By the "noncompact $U(1)$ group", we mean a group that is isomorphic to $({\mathbb R},+)$. In other words, the elements of $U(1)$ are formally $\exp(i\phi)$ but the identification $\phi\sim \phi+2\pi k$ isn't imposed. When it's not imposed, it also means that the dual variable ("momentum") to $\phi$, the charge, isn't quantized. One may allow fields with arbitrary continuous charges $Q$ that transform by the factor $\exp(iQ\phi)$.

It's still legitimate to call this a version of a $U(1)$ group because the Lie algebra of the group is still the same, ${\mathfrak u}(1)$.

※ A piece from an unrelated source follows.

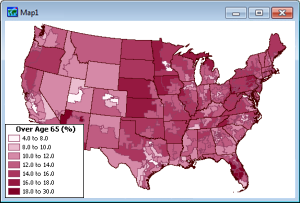 Congressional Districts Map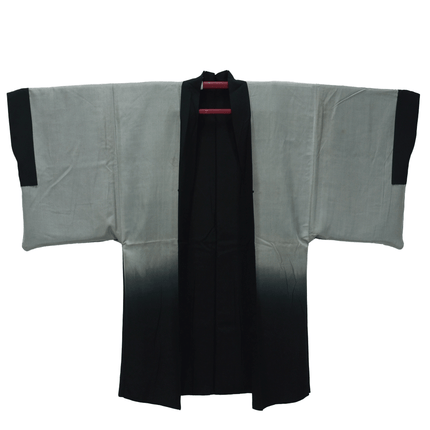 Vintage Haori mit Bijin-ga-Motiv im Innenfutter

In the second part of the question, where I am not 100% sure what you don't understand about the quote, you probably want to explain why compactness is related to quantization? It's because the charge $Q$ is what determines how the phase $\phi$ of a complex field is changing under gauge transformations. If we say that the gauge transformation multiplying fields by $\exp(iQ\phi)$ is equivalent for $\phi$ and $\phi+2\pi$, it's equivalent to saying that $Q$ is integer-valued because the identity $\exp(iQ\phi)=\exp(iQ(\phi+2\pi))$ holds iff $Q\in{\mathbb Z}$. It's the same logic as the quantization of momentum on compact spaces or angular momentum from wave functions that depend on the spherical coordinates.

He is explaining that the embedding of the $Q$ into a non-Abelian group pretty much implies that $Q$ is embedded into an $SU(2)$ group inside the non-Abelian group, and then the $Q$ is quantized for the same mathematical reason why $J_z$ is quantized. I would only repeat his explanation because it seems utterly complete and comprehensible to me.

Note that the quantization of $Q$ holds even if the $SU(2)$ is spontaneously broken to a $U(1)$. After all, we see such a thing in the electroweak theory. The group theory still works for the spontaneously broken $SU(2)$ group.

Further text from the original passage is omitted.